Eşim ve kızımın ısrarı sayesinde okumaya listeme aldığım kitap. “Farklı tarz kitaplar okumalıymışım” , öyle dediler.
Kitap 3 bölümden oluşuyor. İlk bölümdeki aşırı şiddet (aklımın alamadığı her türlü şiddet; cinayet, soygun,uyuşturucu, tecavüz,..) beni şoka soktu, midemi bulandırdı diyebilirim. Kötülük düşünen ve bundan zevk alan kahramanımız ve tayfasının sonunun nereye bağlanacağını diye düşünüp durdum, okurken. İlk bölümde çok zor ilerledim anlayacağınız.
2. ve 3. Bölümler devletin suçluları topluma kazandırmak için yaptıkları deney ve deneyin ilk kobayı olan kahramanımızdaki etkileri üzerine.

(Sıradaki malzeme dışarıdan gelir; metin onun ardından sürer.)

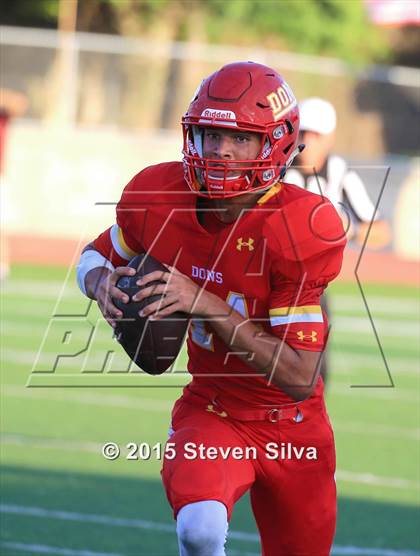Thumbnail 1 in Cathedral Catholic vs. Oaks Christian (2015 SoCal Honor Bowl) photogallery.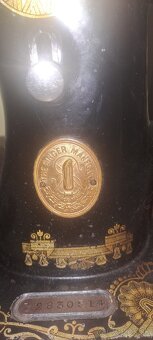 Krasny sijaci stroj Singer - 5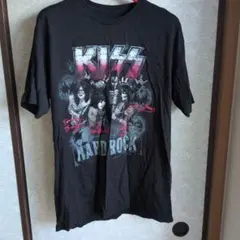 KISS ハードロック Tシャツ ブラックのサムネイル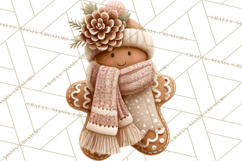 Winter Treats &amp; Drinks Clipart PNG, Neutral Winter Food Png Product Image 2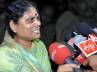 Sircilla, YSR Congress, sircilla vijayamma blames the policies of centre state, Weaver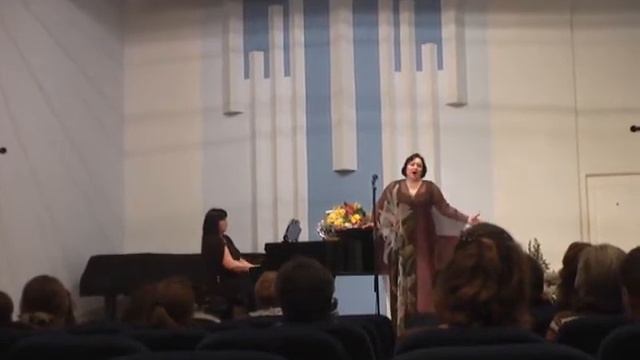 Рахманинов-"У моего окна" смотреть онлайн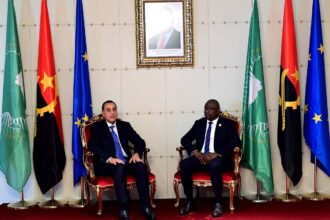 Egypt’s PM arrives in Angola for AU–EU Summit, holds talks with Croatian counterpart
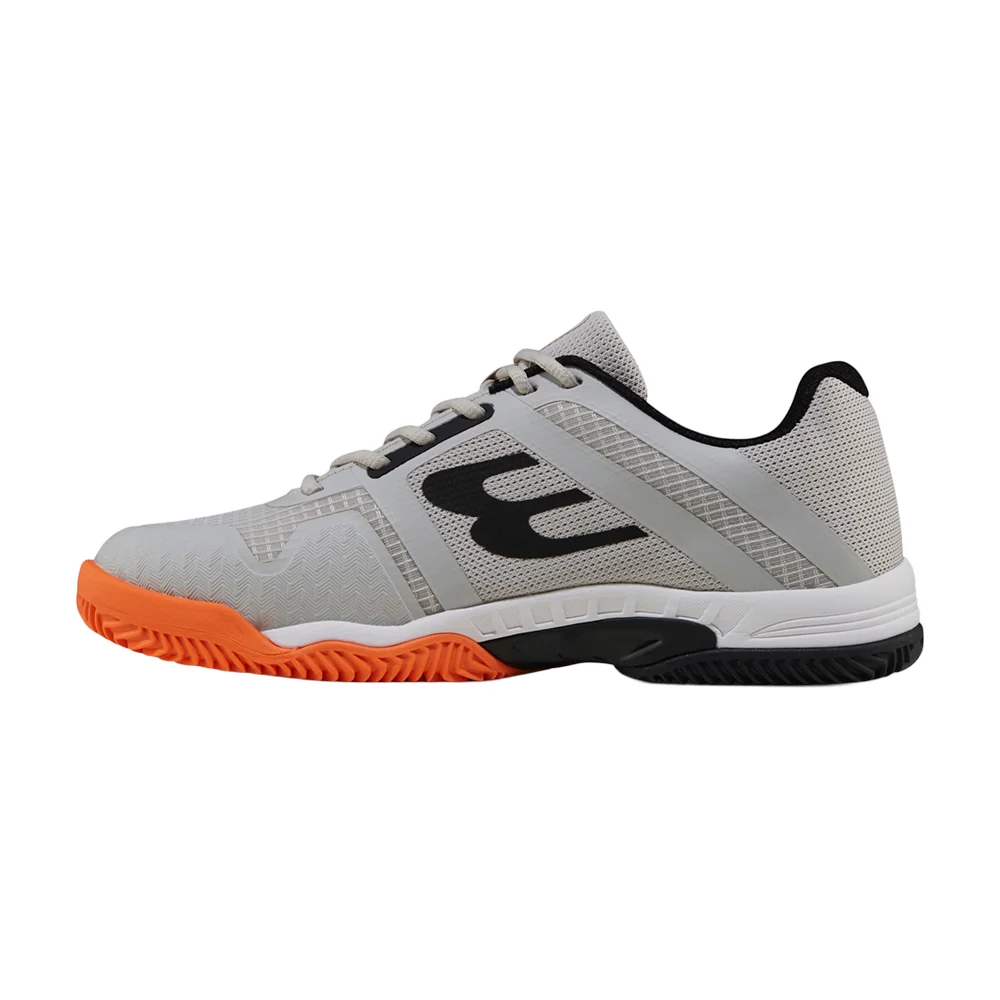 Zapatillas Bullpadel Indiga 26I Gris/Naranja 2026 - Imagen 4
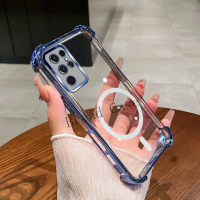 Casing For Samsung S21 S22 S23 ULTRA Phone Case 2025 Shockproof New Magnetic SoftCase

Deney bitip serbest kaldığında suç işlenmesi engellenmiştir lakin seçimlerinde özgür iradesi devre dışı kalmaktadır. Otomatik Portakal, makineleşmiş insana dönüşmüştür.
“Kobayımız öz mantığına aykırı olarak iyiliğe yönelmektedir “
“Tüm hayvanların en zekisi, iyiliğin ne demek olduğunu bilen insanoğluna bir baskı yöntemi uygulayarak onu otomatik işleyen bir makine haline getirenlere kılış kadar keskin kalemimle saldırmaktan başka bir şey yapamıyorum”
Otomatik Portakal gerçekten hayatımda okuduğum en farklı kitaptı. İlk bölümü atlatırsanız devamı entresan, merak uyandırıcı. Toplumsal gözlemler, suç – ceza, ıslah politikaları üzerinde düşündürüyor.
Anthony Burgess’in ilginç yazarlık macerası ve kitabın original adının kaynağı için arka kapak görseline de göz atın lütfen.
*İş bankası Yayınları, Aziz Üstel Çevirisinden okudum.